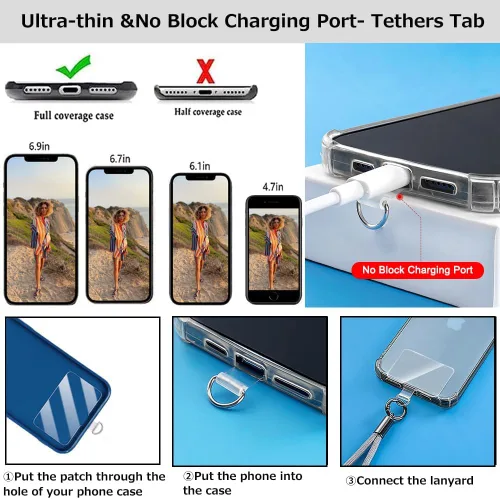 Vista 6 de Cadena cruzada para teléfono Cordón para teléfono celular, Correa universal de cuero + metal para el hombro con parches de sujeción para teléfono (A)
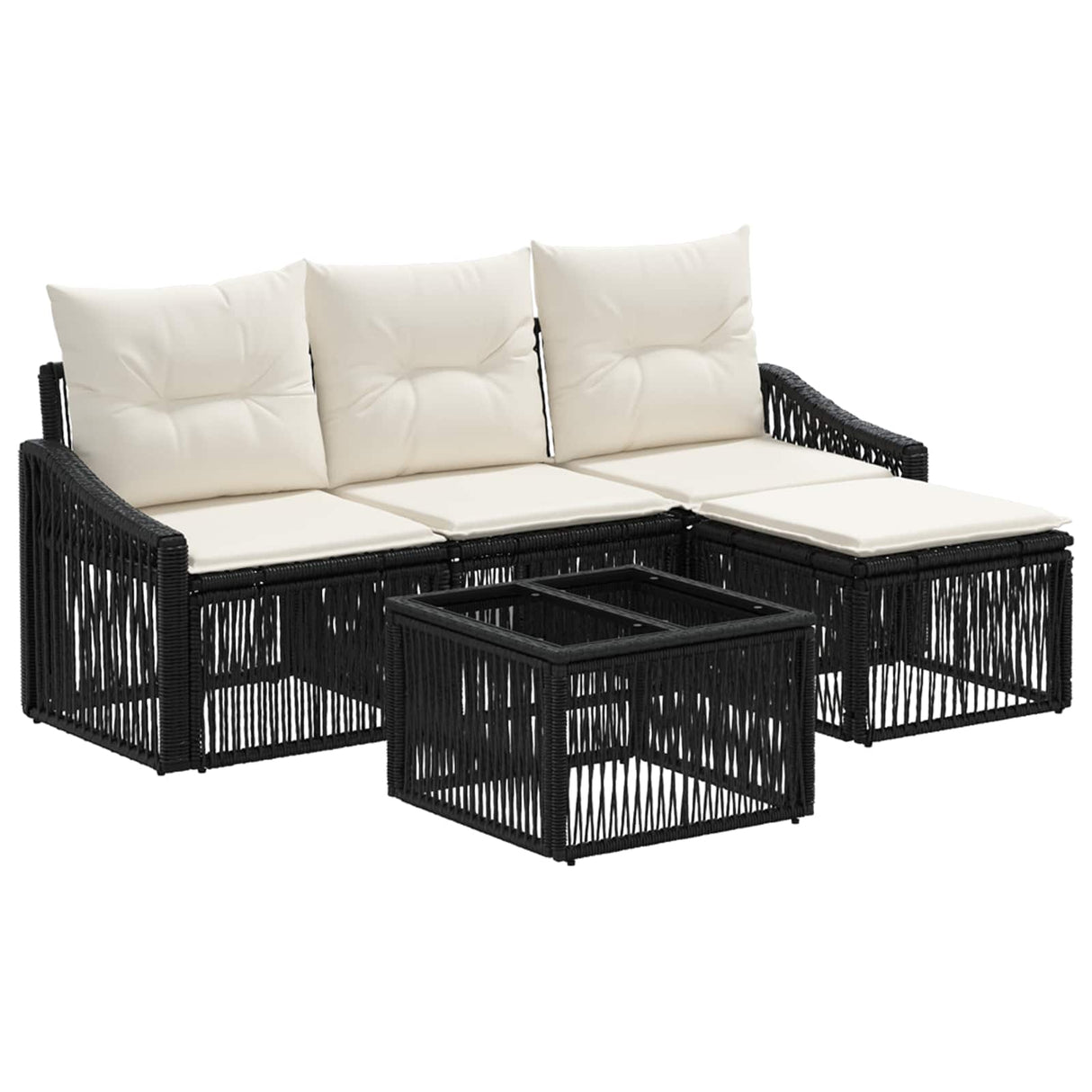 vidaXL Tuinbank Set 5 pcs Zwart poly rattan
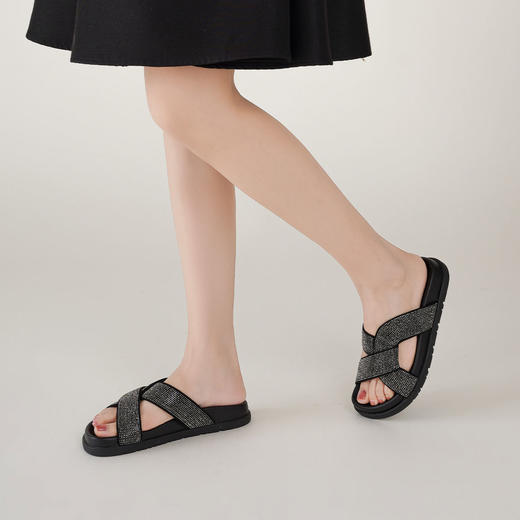 【夏季新款】西村名物2025年夏季新款舒适平底包脚露趾后空拖鞋T25BJ20951 商品图6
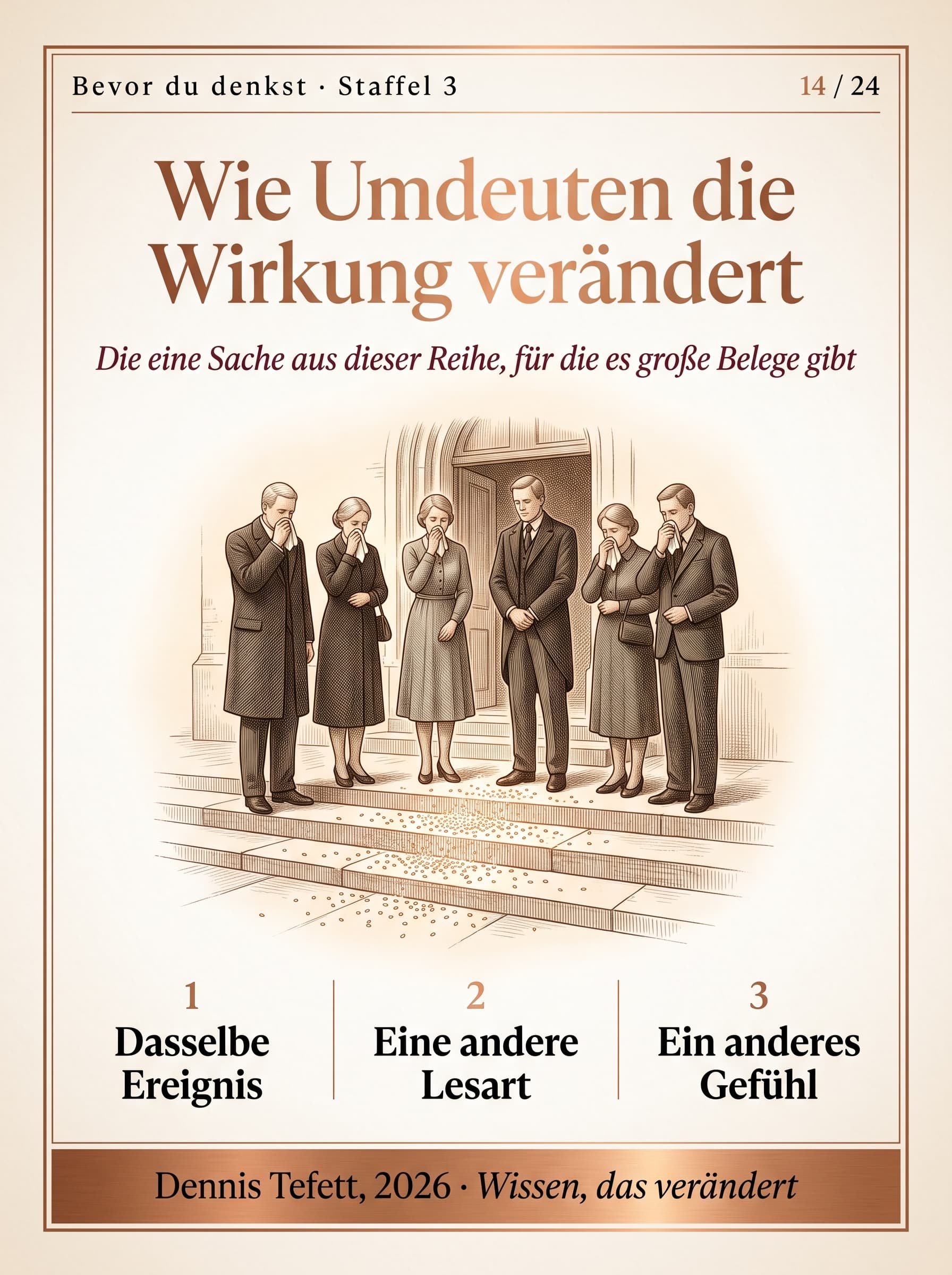 Vor einer Kirche steht eine Gruppe weinender Menschen. Auf den Stufen liegt Reis. Dieselbe Szene, zwei mögliche Bedeutungen.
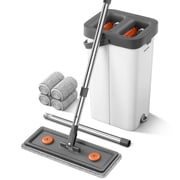 Joybos Mop and Bucket with Wringer Set for Home,61" Flat Mop and Bucket System for Floor Cleaning,Wet Dry Mop Window Wall Cleaner with Long Handle,Floor Mop with 4 Washable Microfiber Pads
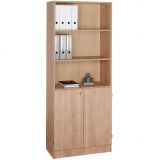 Schrankregal 5OH SOLID | 80 cm breit | Korpus Nussbaum hell | Front Nussbaum hell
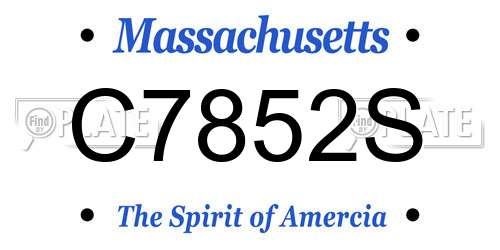 C7852S Massachusetts License Plate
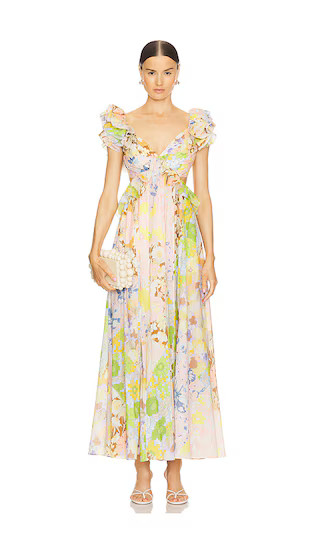 Pop Ruffle Midi Dress in Patch Floral | Revolve Clothing (Global)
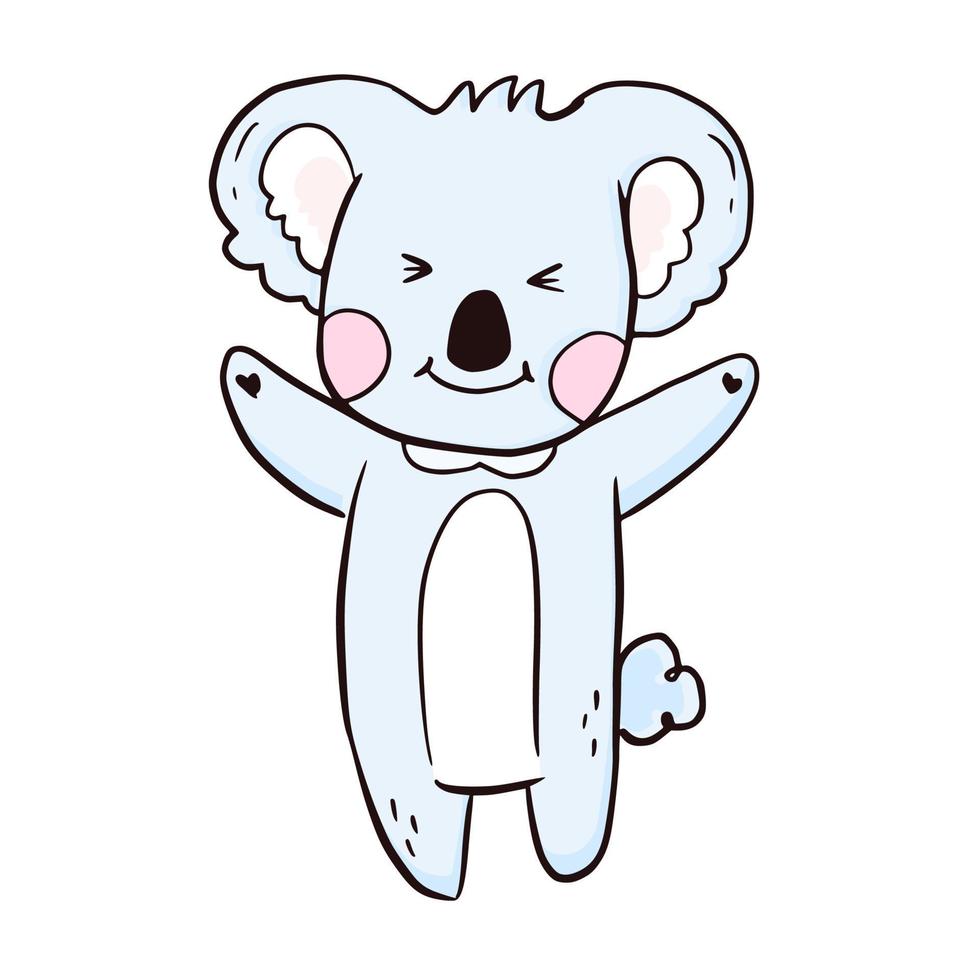 lindo bebê coala em pé ilustração de ícone desenho desenho vetorial vetor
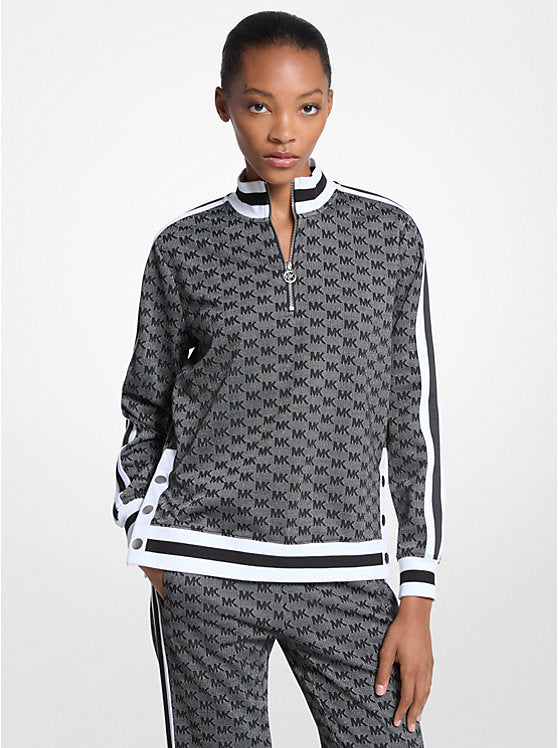 Michael Kors WOMENS' Logo Print Metallic Stretch Knit Half-Zip Jacket BLACK/SILVER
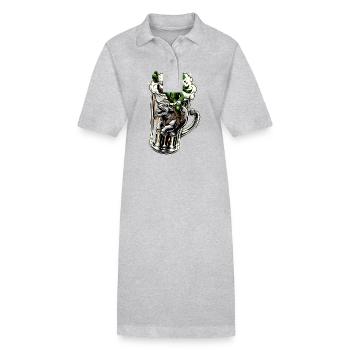 Chevaucher le lutin (lutin irlandais) - Robe polo bio PAIGER Stanley/Stella Femme - gris chiné - Devant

######

Instructions to follow - Repeat the material above in full and exactly, apart from the pictures.

Reply to the task -
 Vista 6 de Cadena cruzada para teléfono Cordón para teléfono celular, Correa universal de cuero + metal para el hombro con parches de sujeción para teléfono (A)
 vidaXL Tuinbank Set 5 pcs Zwart poly rattan
 【夏季新款】西村名物2025年夏季新款舒适平底包脚露趾后空拖鞋T25BJ20951 商品图6
 Vor einer Kirche steht eine Gruppe weinender Menschen. Auf den Stufen liegt Reis. Dieselbe Szene, zwei mögliche Bedeutungen.
 Joybos Mop and Bucket with Wringer Set for Home,61" Flat Mop and Bucket System for Floor Cleaning,Wet Dry Mop Window Wall Cleaner with Long Handle,Floor Mop with 4 Washable Microfiber Pads
 Schrankregal 5OH SOLID | 80 cm breit | Korpus Nussbaum hell | Front Nussbaum hell
 C7852S Massachusetts License Plate
 Pop Ruffle Midi Dress in Patch Floral | Revolve Clothing (Global)
 lindo bebê coala em pé ilustração de ícone desenho desenho vetorial vetor
 Michael Kors WOMENS' Logo Print Metallic Stretch Knit Half-Zip Jacket BLACK/SILVER
 Chevaucher le lutin (lutin irlandais) - Robe polo bio PAIGER Stanley/Stella Femme - gris chiné - Devant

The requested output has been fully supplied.